Scatole nere e scatole bianche

Quando si collaudano le funzionalità del programma senza conoscere o considerare la sua struttura interna (es. software proprietario o troppo complesso) si parla di collaudo a scatola chiusa (black-box testing o test funzionale). Questo è il tipo di test più diffuso perché si adatta facilmente a tutti i livelli di sviluppo delle applicazioni ed è meno costoso (più facile da sviluppare) di altri tipi di test.

Per accertare il corretto funzionamento del programma su tutti i possibili valori in ingresso (positivi, limite e negativi) avremmo però bisogno di infiniti casi di prova a scatola chiusa, mentre dobbiamo accontentarci di un numero finito.

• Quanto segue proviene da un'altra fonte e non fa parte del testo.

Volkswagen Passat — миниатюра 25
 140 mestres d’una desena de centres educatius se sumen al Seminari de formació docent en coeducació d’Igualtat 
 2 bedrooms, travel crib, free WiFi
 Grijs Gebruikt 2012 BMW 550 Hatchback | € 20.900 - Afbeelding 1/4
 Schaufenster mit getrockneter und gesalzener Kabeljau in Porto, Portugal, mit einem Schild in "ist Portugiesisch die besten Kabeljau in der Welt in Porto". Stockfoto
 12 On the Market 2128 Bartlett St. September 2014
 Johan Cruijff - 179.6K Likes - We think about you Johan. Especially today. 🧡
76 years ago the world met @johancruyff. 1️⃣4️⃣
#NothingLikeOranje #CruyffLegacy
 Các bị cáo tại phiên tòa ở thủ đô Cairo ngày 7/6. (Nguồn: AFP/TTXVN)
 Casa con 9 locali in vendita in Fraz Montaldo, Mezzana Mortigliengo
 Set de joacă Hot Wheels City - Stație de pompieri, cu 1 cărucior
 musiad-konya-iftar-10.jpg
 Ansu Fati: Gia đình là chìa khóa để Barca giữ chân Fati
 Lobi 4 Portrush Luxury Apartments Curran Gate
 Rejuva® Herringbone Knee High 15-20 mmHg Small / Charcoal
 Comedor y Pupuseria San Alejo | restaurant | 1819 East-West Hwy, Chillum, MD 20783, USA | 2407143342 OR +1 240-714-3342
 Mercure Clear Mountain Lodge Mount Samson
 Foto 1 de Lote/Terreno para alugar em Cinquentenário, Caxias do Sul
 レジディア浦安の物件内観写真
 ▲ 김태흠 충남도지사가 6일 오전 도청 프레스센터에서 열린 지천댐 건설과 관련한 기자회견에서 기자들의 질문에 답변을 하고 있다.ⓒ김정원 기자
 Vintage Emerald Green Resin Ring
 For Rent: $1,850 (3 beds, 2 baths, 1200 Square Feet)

Quando si conosca la struttura del programma è invece opportuno utilizzare tecniche di collaudo trasparente (white-box testing o test strutturale), scegliendo i casi di prova in modo che ciascuna porzione del programma venga collaudata almeno una volta. Infatti, se un frammento di codice è difettoso ma nessun test lo esegue il difetto non viene rilevato. Poter offrire una migliore copertura del collaudo permette di aumentare la fiducia nella correttezza dell'intero programma.

Infine è importante focalizzare i test su difetti comunemente presenti in molti programmi, utilizzando il cosiddetto collaudo basato su difetti (fault-based testing). Ad esempio, se vengono usati array è opportuno controllare che non si verifichino tentativi di accesso a posizioni inesistenti (out-of-bounds).

Il collaudo può evidenziare solamente la presenza di errori, non la loro assenza.